Thesis (Ph.D., Mechanical Engineering) -- University of Idaho, 2015 | New fuel, cladding, and structural materials offer the potential for safer and more economic energy from existing and advanced nuclear reactor designs. However, insufficient data are available to characterize these materials in high temperature, radiation conditions. To evaluate candidate material performance, robust instrumentation is needed that can survive these conditions. Furthermore, the nuclear industry increasingly relies on computer models to predict the behavior of components and systems in both normal and off-normal conditions. Current measurement techniques cannot resolve physical phenomena with sufficient resolution to match the level of detail current models are capable of achieving. New sensors and measurement techniques are needed to validate these models. Irradiation testing of new, high performance fuels and materials for advanced reactor designs will require sensors capable of operation in conditions unsuitable for other, commonly used temperature sensors.

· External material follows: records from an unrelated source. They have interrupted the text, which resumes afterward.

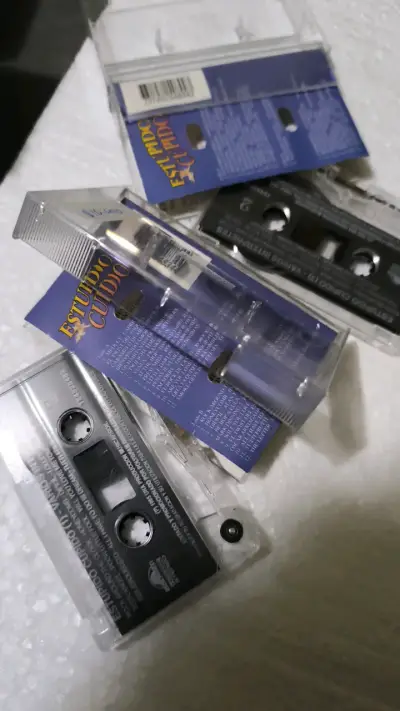 Cassettes Las Canciones de Estúpido Cupido Vol1y2 - miniatura 3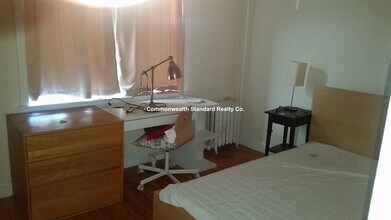 Building Photo - 60 Egmont St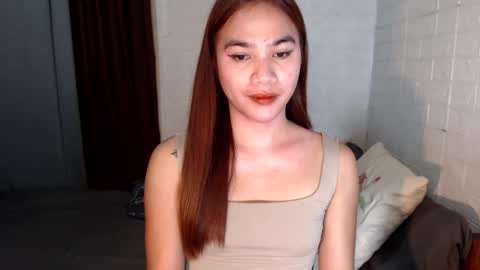 urhottylicious_cum online show from March 7, 1:17 am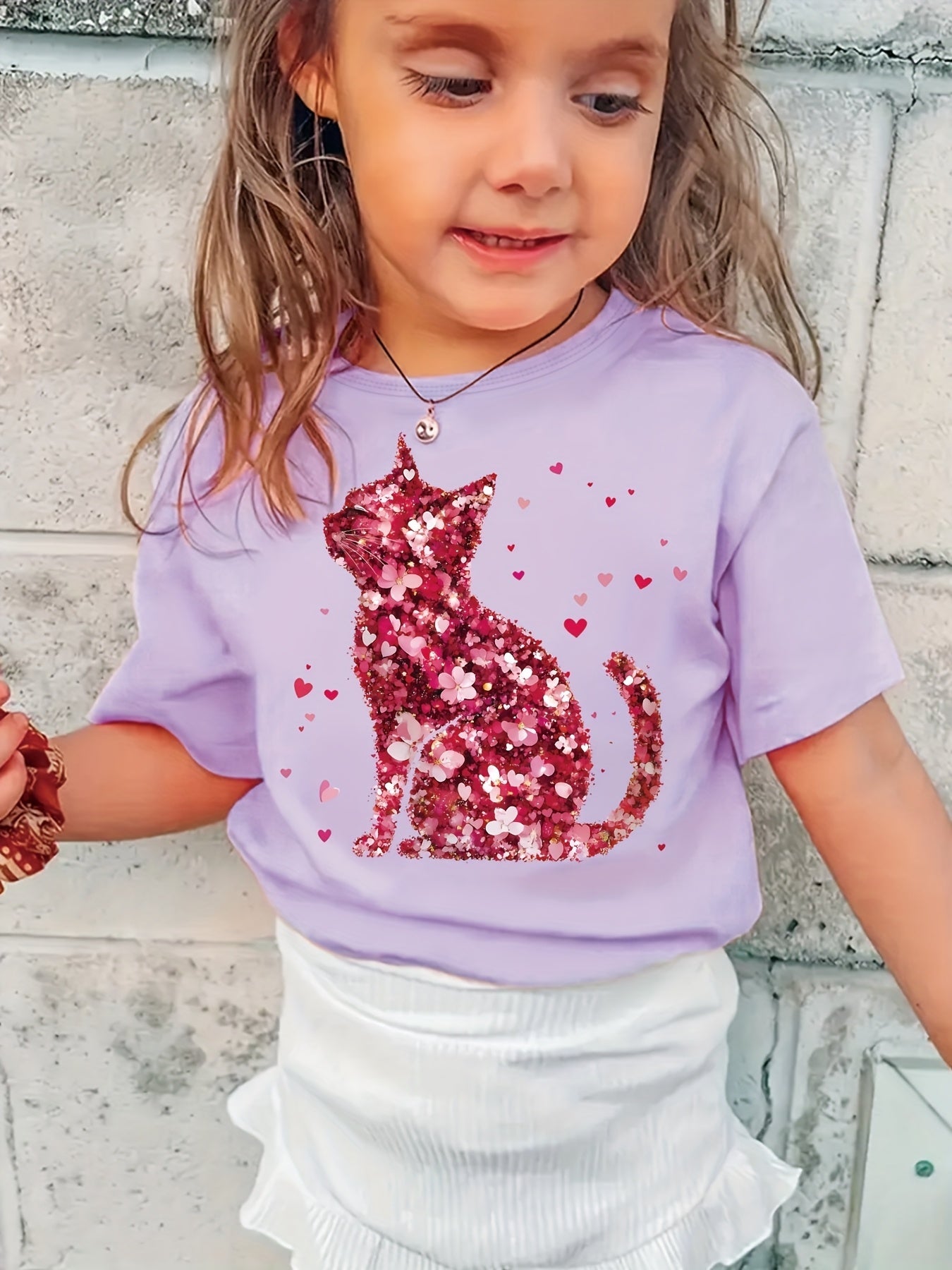 Cute girls' T-shirts, including a cat print T-shirt with faux sequin design, a romantic red floral print T-shirt, a round neck short-sleeved casual top, the perfect choice for summer outings.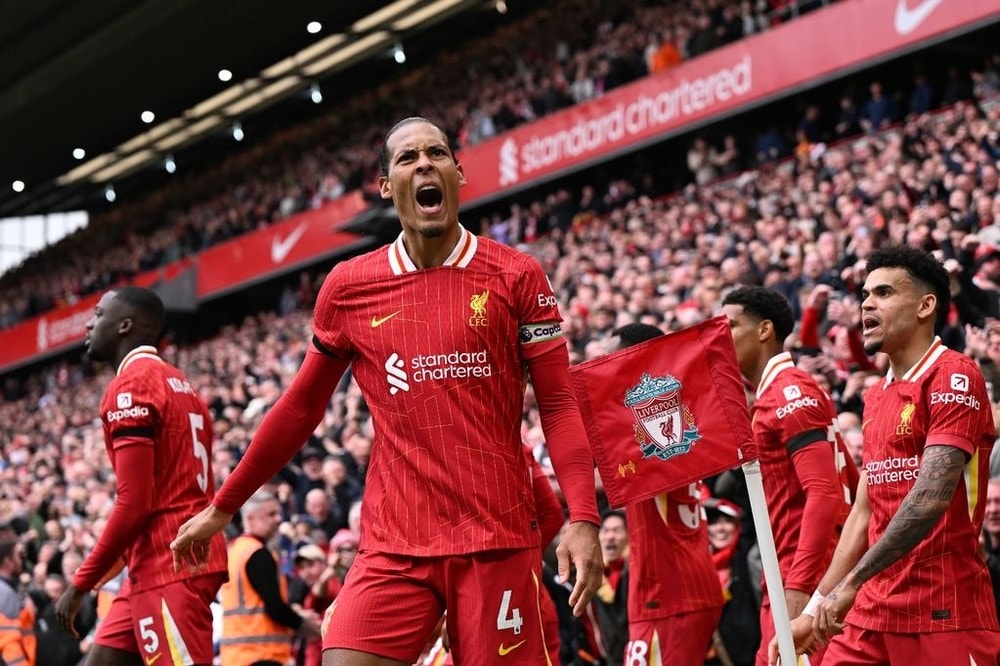 Van Dijk giải thích lý do theo bước Salah, sắp công bố bản hợp đồng mới với Liverpool. ẢNH: GETTY Van Dijk giải thích lý do theo bước Salah,Salah,van Dijk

The objective of this research is to enable deployment of Ultrasonic Thermometers (UTs) in irradiations of ceramic and metallic fuels. Research was broken into two main areas; out-of-core development and testing of the UT and its components in a laboratory environment and in-core assessment of the radiation tolerance of the magnetostrictive transducers used to generate and sense the acoustic signals.

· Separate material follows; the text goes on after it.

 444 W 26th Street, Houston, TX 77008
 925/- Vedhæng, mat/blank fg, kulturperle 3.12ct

Significant progress was made toward the deployment of an ultrasonic thermometer for in-core experiments. Appropriate materials were identified for applications below 1000 °C and between 1000 and 2500 °C. A new, high frequency transducer was developed and used to improve spatial resolution of the ultrasonic thermometry system.

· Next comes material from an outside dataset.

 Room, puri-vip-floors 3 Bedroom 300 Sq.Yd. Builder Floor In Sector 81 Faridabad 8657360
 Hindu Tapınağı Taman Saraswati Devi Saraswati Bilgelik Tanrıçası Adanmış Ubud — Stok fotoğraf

An irradiation test was initiated to identify transducer materials that can survive in a high radiation environment. It is the first to include both piezoelectric and magnetostrictive materials, and is scheduled to surpass other ultrasonic transducer irradiations in terms of total fluence. The included transducers were operated during irradiation and the test capsule was heavily instrumented with real time sensors, resulting in a high degree of confidence in the results. The results shows ultrasonic transducers based on magnetostrictive materials to be highly resistant to degradation caused by neutron and gamma radiation.